⟨

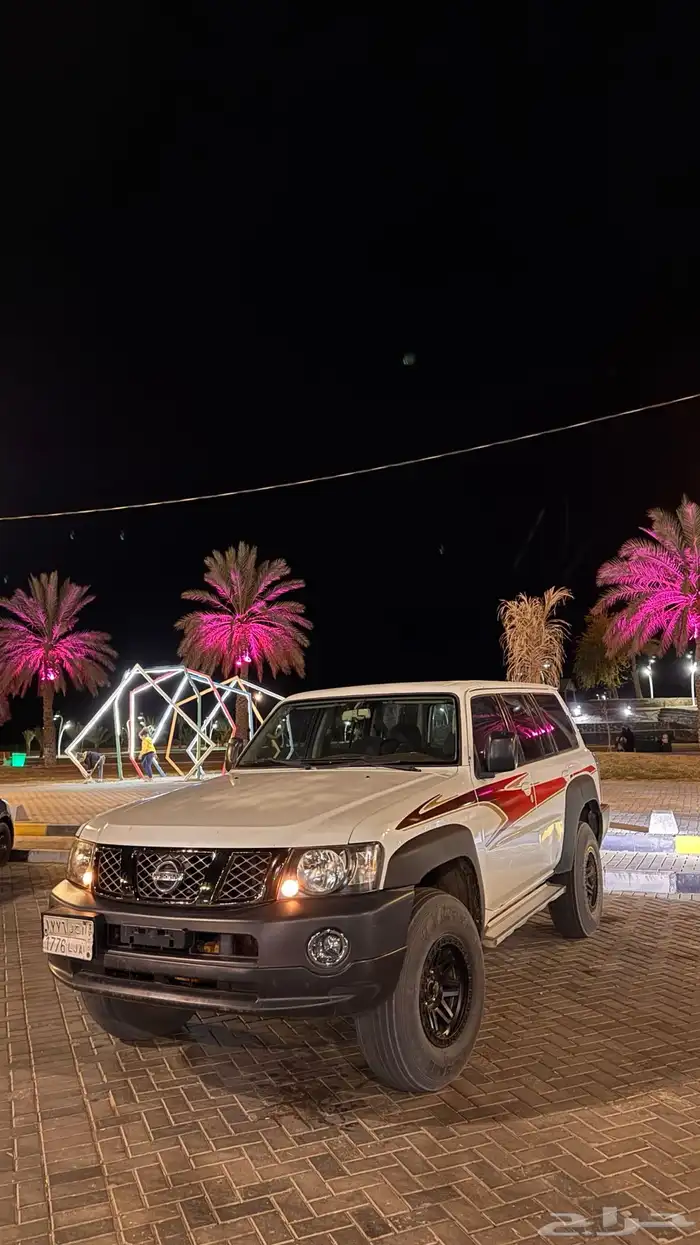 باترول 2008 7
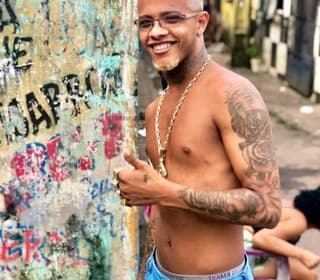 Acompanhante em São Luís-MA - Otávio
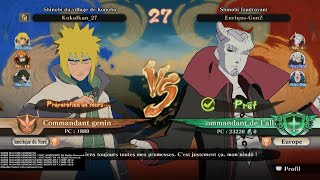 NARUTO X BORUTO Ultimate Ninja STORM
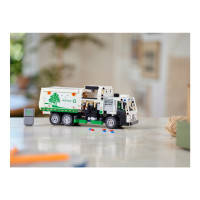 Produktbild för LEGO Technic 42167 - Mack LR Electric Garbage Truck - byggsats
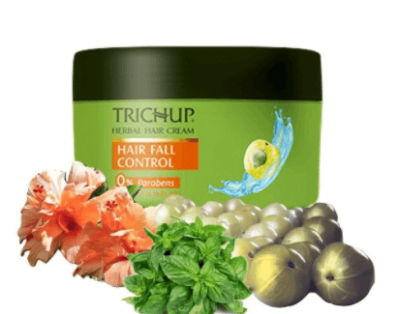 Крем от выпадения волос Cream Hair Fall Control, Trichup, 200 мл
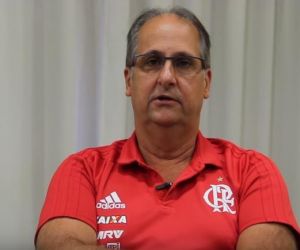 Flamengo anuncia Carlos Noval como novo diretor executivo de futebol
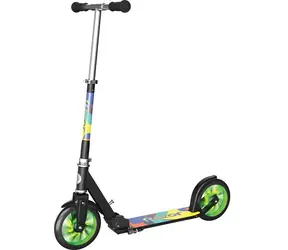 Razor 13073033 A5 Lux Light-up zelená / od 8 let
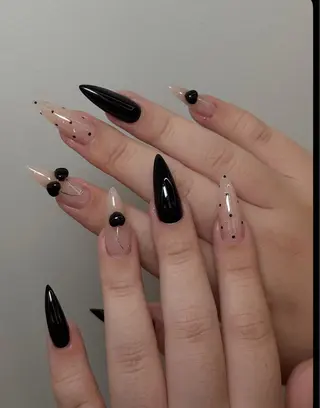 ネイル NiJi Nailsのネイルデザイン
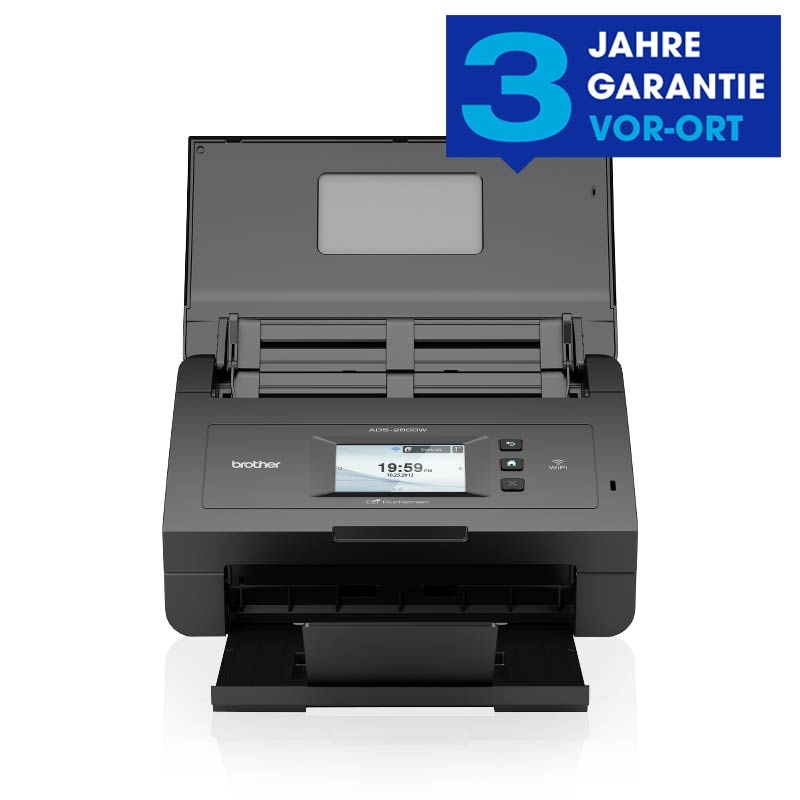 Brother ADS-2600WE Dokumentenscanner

⟩

YOUR GOAL:
Pictures in the records above are not copied; print everything else exactly.

WRITTEN ANSWER:
 باترول 2008 7
 Acompanhante em São Luís-MA - Otávio
 NARUTO X BORUTO Ultimate Ninja STORM
 Produktbild för LEGO Technic 42167 - Mack LR Electric Garbage Truck - byggsats
 Крем от выпадения волос Cream Hair Fall Control, Trichup, 200 мл
 Flamengo anuncia Carlos Noval como novo diretor executivo de futebol
 Razor 13073033 A5 Lux Light-up zelená / od 8 let
 ネイル NiJi Nailsのネイルデザイン
 Brother ADS-2600WE Dokumentenscanner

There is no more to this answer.